Misinformation and myths about the amount of protein a person needs per day leave everyone wondering, vegans included, if they're eating sufficient protein. A wholesome vegan diet that includes legumes, vegetables, whole grains, seeds, nuts, and fruits fulfills the requirements for protein without much effort, since plant-based proteins check the box just as well as animal-derived ones do. All of these recipes are also vegan if you skip the optional sour cream or cheese topping the recipe suggests.
Remember that the recommended daily average protein intake for an adult woman is barely 46 grams and 56 grams for a man (which varies somewhat depending on your weight). These recipes are in descending order of protein content per serving, so for more protein, start at the top of the list.
Textured Vegetable Protein (TVP) is commonly used in vegan and vegetarian recipes and it's a good source of protein. It is a soy product so it isn't suitable for all diets, but if you don't have soy allergies it's a good choice when you need to add texture to your vegan preparations. With an outstanding 34 grams of protein per serving, this vegan chili has a wonderful texture and is hearty and filling, perfect for a cold day. You can make it more or less spicy by varying the amount of cayenne pepper or red pepper flakes. Serving it with plain toasted baguette or crackers can help tone down the heat.
Kidney beans and tofu provide a one-two punch of protein (31 grams per serving). This recipe also includes mushrooms and bell peppers, which you don't see in many chili recipes. Use brown rice as a side dish for an extra 5 grams of protein per cooked cup of the grain and you'll get a filling a nutrient-dense dish that is also high in fiber.
This chili uses both beans and tempeh to provide 28 grams of protein per serving. Tempeh is a protein food made from fermented soybeans and other grains like barley. It is more flavorful than tofu, and when diced into the chili, it makes for an easy meat substitute. Tempeh has a firmer texture so it's easier to handle when grilling or pan-frying it, but some brands contain gluten. If you want a gluten-free recipe, you'll need to look for gluten-free tempeh.
Lentils have a meaty flavor that is impossible to resist. Filling and full of texture and body, this type of legume is fantastic in soups and also great when grounded for meat-less patties. This soup is low in fat but high in protein (21 grams of protein per serving). The recipe calls for lemon juice, thyme, and bay leaf to perk up the flavor and it's a satisfying bowl to enjoy in cold weather. Some slices of avocado pair well with the flavors and croutons for some crunch are irresistible.
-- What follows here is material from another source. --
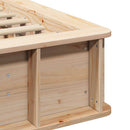 Sengestel Brun 90 x 200 cm Massiv fyrretræ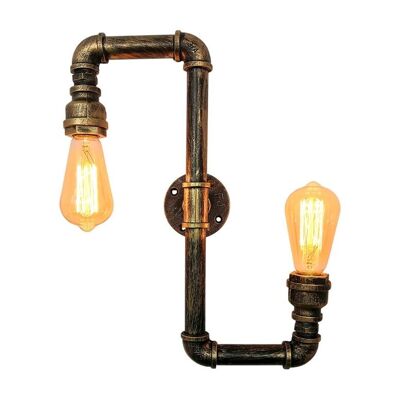 OHNO Woonaccessoires Cygni Wandlamp - Zwart, Goud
If you're making chili for someone who might miss meat, or if you're craving a thick hearty soup, this recipe calls for Smart Ground, a product that tastes and acts similar to ground beef, but has less fat and also zero cholesterol. Filled with vegetables, this recipe is very forgiving and you can't go wrong by adding more. With substantial protein content (21 grams of protein per serving), it can be served with rice or soft corn tortillas or spread with vegan sour cream or vegan cream cheese for extra indulgence.
Sweet potatoes and carrots play against the spiciness of the chili powder in this high-protein vegetarian chili recipe (19 grams of protein per serving). You can also make this gluten-free by choosing a gluten-free vegetable broth or making the broth yourself. You'll get a big burst of vitamin A and plenty of vitamin C and iron. When served with a cup of cooked quinoa, you add an extra 8 grams of protein.
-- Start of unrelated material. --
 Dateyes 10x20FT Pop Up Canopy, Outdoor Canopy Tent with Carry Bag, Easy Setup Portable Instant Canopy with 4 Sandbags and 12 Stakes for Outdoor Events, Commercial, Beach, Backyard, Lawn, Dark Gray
This easy crockpot chili has lots of veggies, so If your summer garden is producing a bounty, you could make this soup and freeze portions to enjoy in the weeks to come. You'll enjoy a big blast of vitamins A and C and a high protein punch (15 grams of protein per serving). Just put the ingredients together, turn on the crockpot, go to sleep, and wake up to a house filled with the smell of this aromatic dish.
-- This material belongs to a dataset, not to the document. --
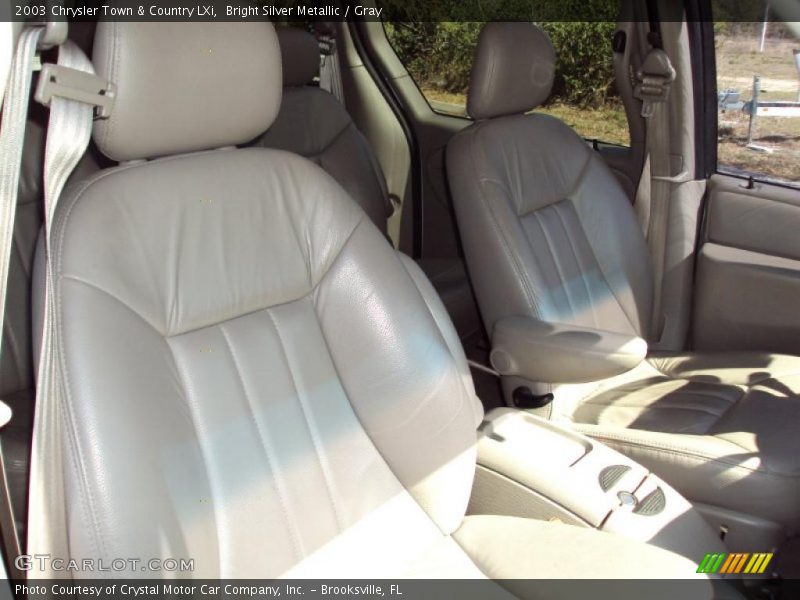 Bright Silver Metallic / Gray 2003 Chrysler Town & Country LXi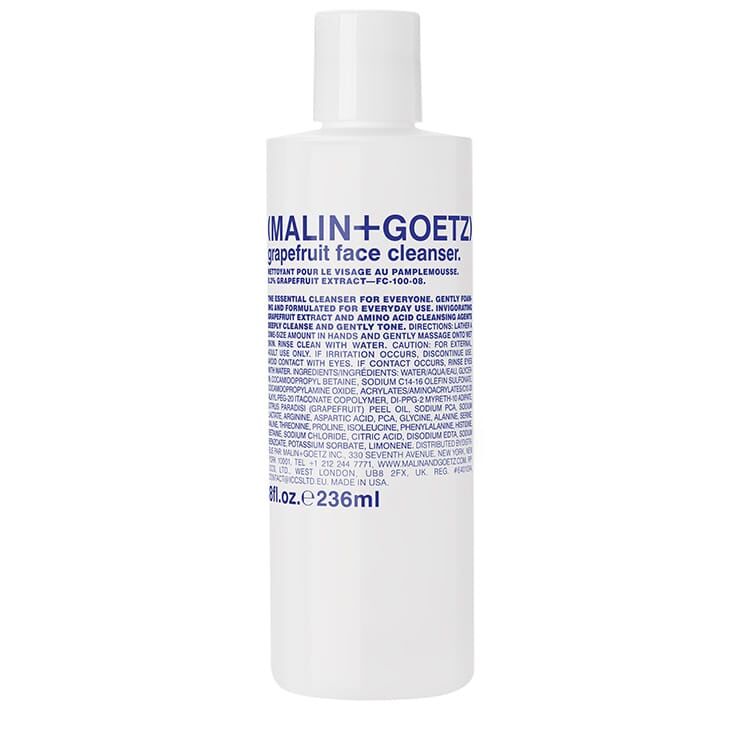 Malin + Goetz grapefruit face cleanser. 8 fl oz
By using canned beans and prepared salsa, you can put this black bean soup together in the time it takes to heat it up on the stovetop. If you've got both in the pantry or refrigerator, you're just a few steps away from a quick high-protein vegetarian or vegan meal (14.5 grams of protein per serving). Crush some corn tortillas on top, or use a spoonful of guacamole for creaminess, and this dish will constantly appear on your weekly menu. Simple, fast, and healthy!
Dhal or dal is a soup based on lentils, beans or peas, a staple of many cuisines in South Asia. There are as many variations on dhal as there are people, seemingly, because each family has a favorite take on this traditional dish. Enjoy the flavors of turmeric, cayenne, cumin, and cloves—all very aromatic and also anti-inflammatory foods. It has a reasonable protein count (4 grams of protein per serving) and is usually served with roti, naan, or rice. You'll be using your bread to clean up every last drop!
If you'd like a non-fat vegan soup, look no further. Made with carrots, potatoes, and celery, this curried split pea soup recipe is also a good source of vitamins A and C. It's filling and low in calories, good for those who are trying to watch their weight, but also contains a good amount of protein (3 grams of protein per serving), especially if served with 3 ounces of grilled tofu for an extra 8 grams of protein.